**Problem:** Please give back the listing exactly as it reads.

**Given material:**
........

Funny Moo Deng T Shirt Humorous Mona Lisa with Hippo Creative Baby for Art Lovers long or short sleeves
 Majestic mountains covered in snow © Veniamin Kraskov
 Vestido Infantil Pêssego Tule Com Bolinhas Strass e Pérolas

........

**Finished exercise:**
Funny Moo Deng T Shirt Humorous Mona Lisa with Hippo Creative Baby for Art Lovers long or short sleeves
 Majestic mountains covered in snow © Veniamin Kraskov
 Vestido Infantil Pêssego Tule Com Bolinhas Strass e Pérolas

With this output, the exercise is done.